Ce qui se lit le plus et le plus vite en couverture c’est « les nouvelles enquêtes de Nestor Burma », c’est souligné par un petit plan de Paris avec en jaune le XXème arrondissement et une silhouette grise avec chapeau et pipe en fond – sans doute pour rappeler le Nestor Burma originel qui n’avait officié que dans quinze arrondissements sur vingt.

On m’excusera – j’espère – de parler un peu de moi, mais je me dois de justifier ce qui va suivre. J’ai achevé mes études universitaires sur un mémoire de maîtrise intitulé « Léo Malet, du surréalisme au roman policier » j’étais le premier à étudier son œuvre à ce niveau. J’ai participé aux journées de son centenaire organisées par la bibliothèque de Montpellier. Et là je dis non. Ce premier roman n’est pas un hommage, c’est plutôt un mauvais pastiche et l’on en annonce d’autres… D’abord un reproche sur le plan de l’édition. Page 23 on peut lire : « J’ai entendu à la radio que ça faisait soixante-dix ans que les températures n’étaient pas montées si haut à Paris.
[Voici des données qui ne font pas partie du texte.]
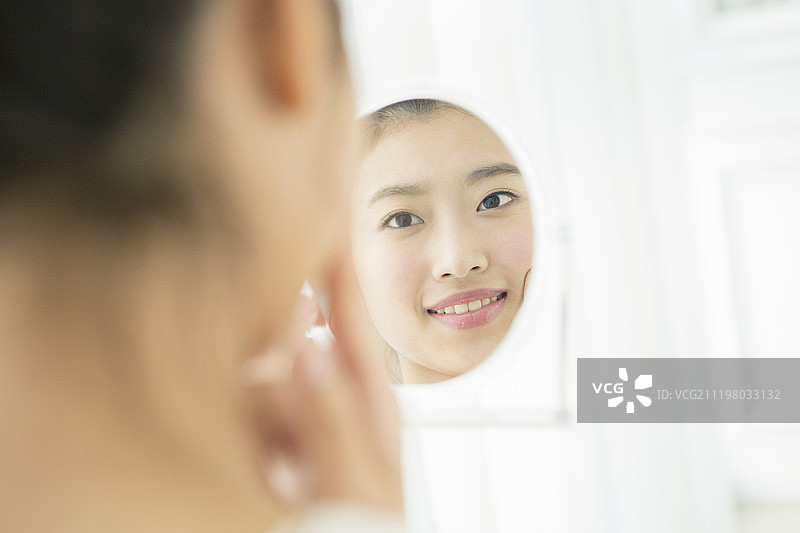 年轻女人在镜子里看自己的脸图片素材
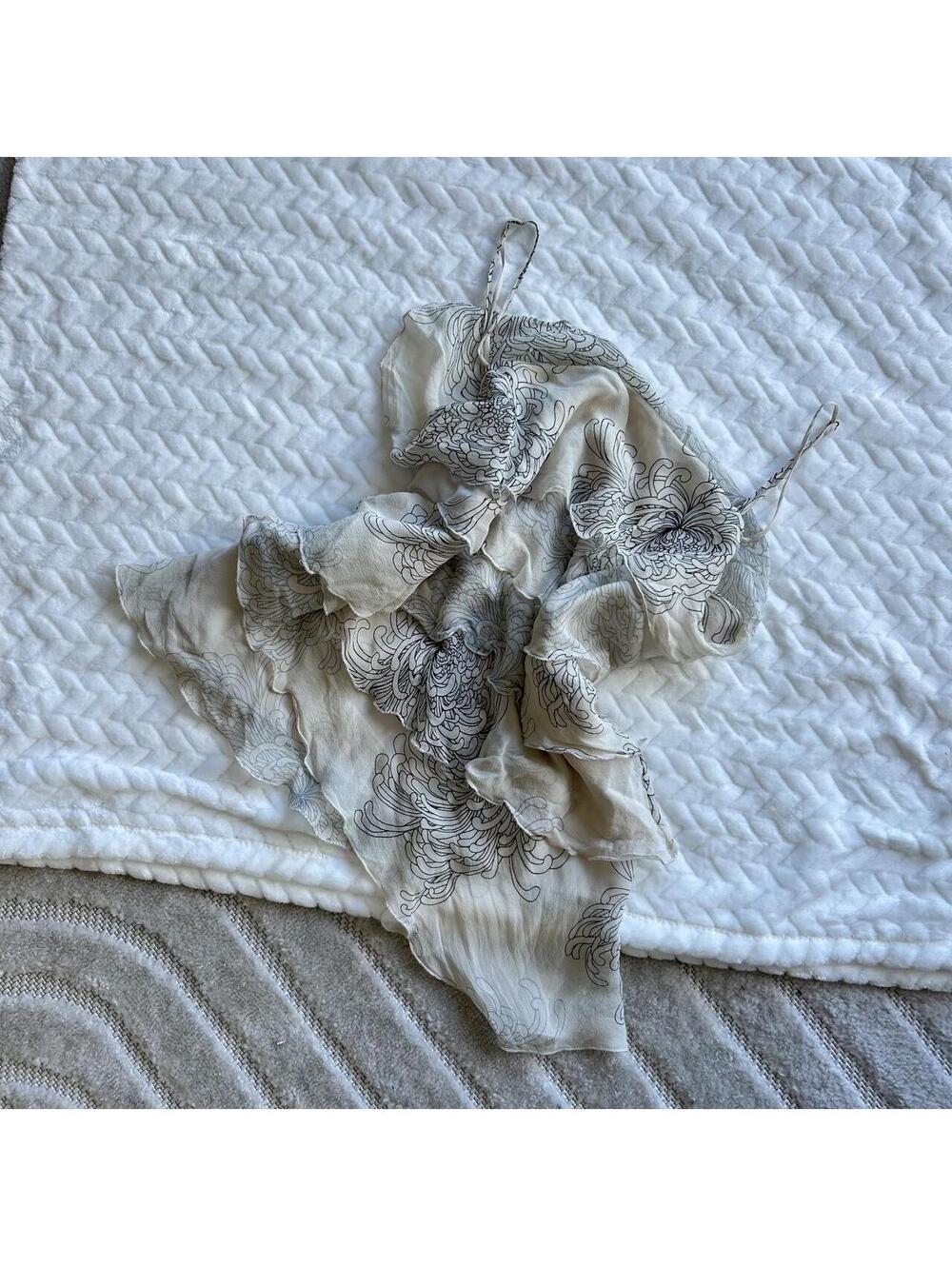 BCBGMAXAZRIA cream & white floral ruffle tank top with black floral embroidery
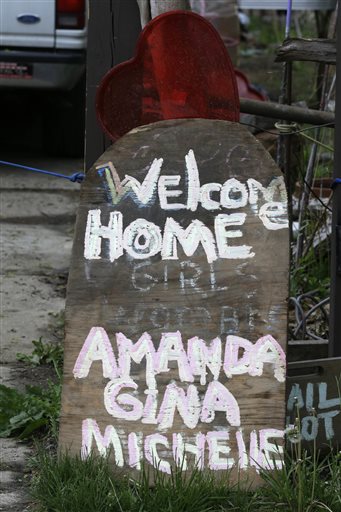 A sign responding to the return of three women held captive for years rests in front of a home Saturday in Cleveland.
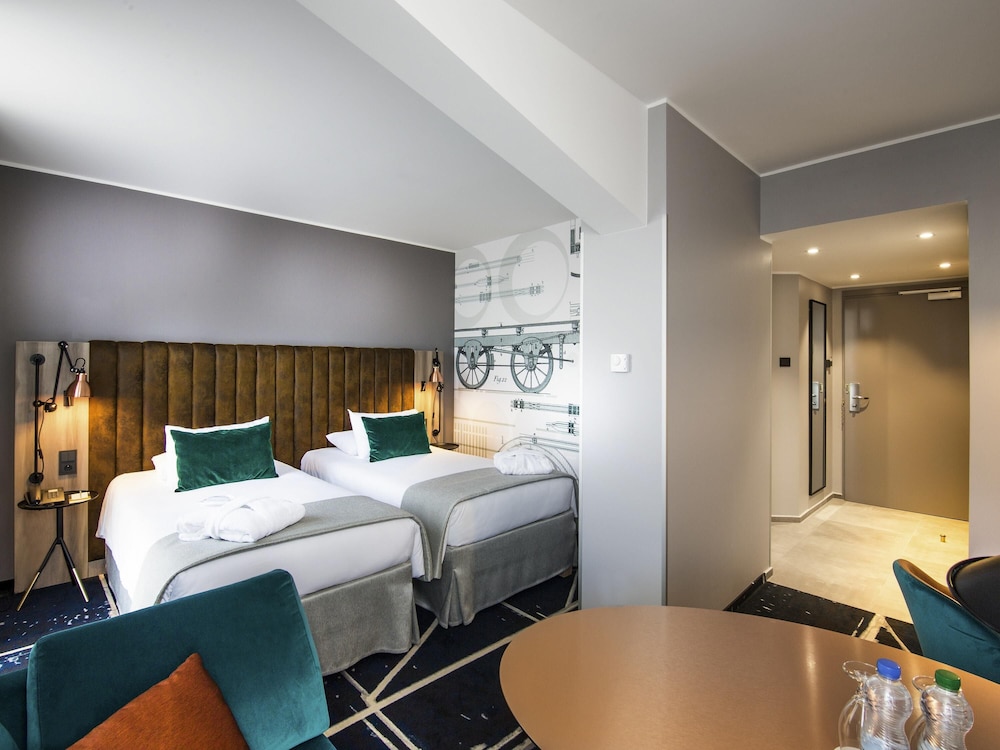 Habitación Privilege con dos camas individuales del hotel Mercure Poznan Centrum. Foto 1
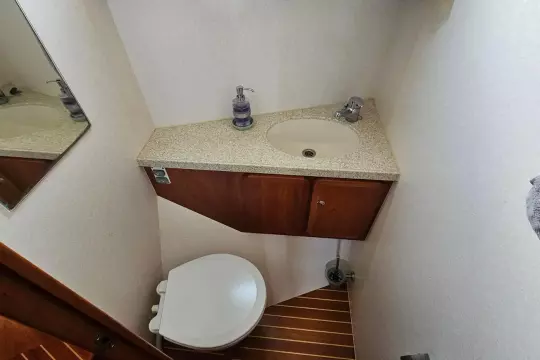 Bathroom interior of 2008 Linssen Grand Sturdy 380 AC yacht, featuring sink and toilet.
Le record de 1976 a été dépassé. » Si je sais compter nous sommes en 2046… Or la phrase suivante commence par « La référence de ma secrétaire à 1976, année de ma naissance…  » et est prononcée par Nestor Burma, ce qui nous donne un privé de 70 ans et ce n’est pas un récit rétrospectif… Comme je suis curieux, j’ai voulu vérifier en ouvrant un autre ouvrage de l’auteur s’il était coutumier du fait ou si cela était de la faute de l’éditeur… j’ai donc regardé « Sarko et Vanzetti » même auteur mais série Le Poulpe (n°267) aux éditions Baleine. Pas de faute de typo mais la même façon de raconter et le même humour potache que l’on qualifiera gentiment de poussif. Passons.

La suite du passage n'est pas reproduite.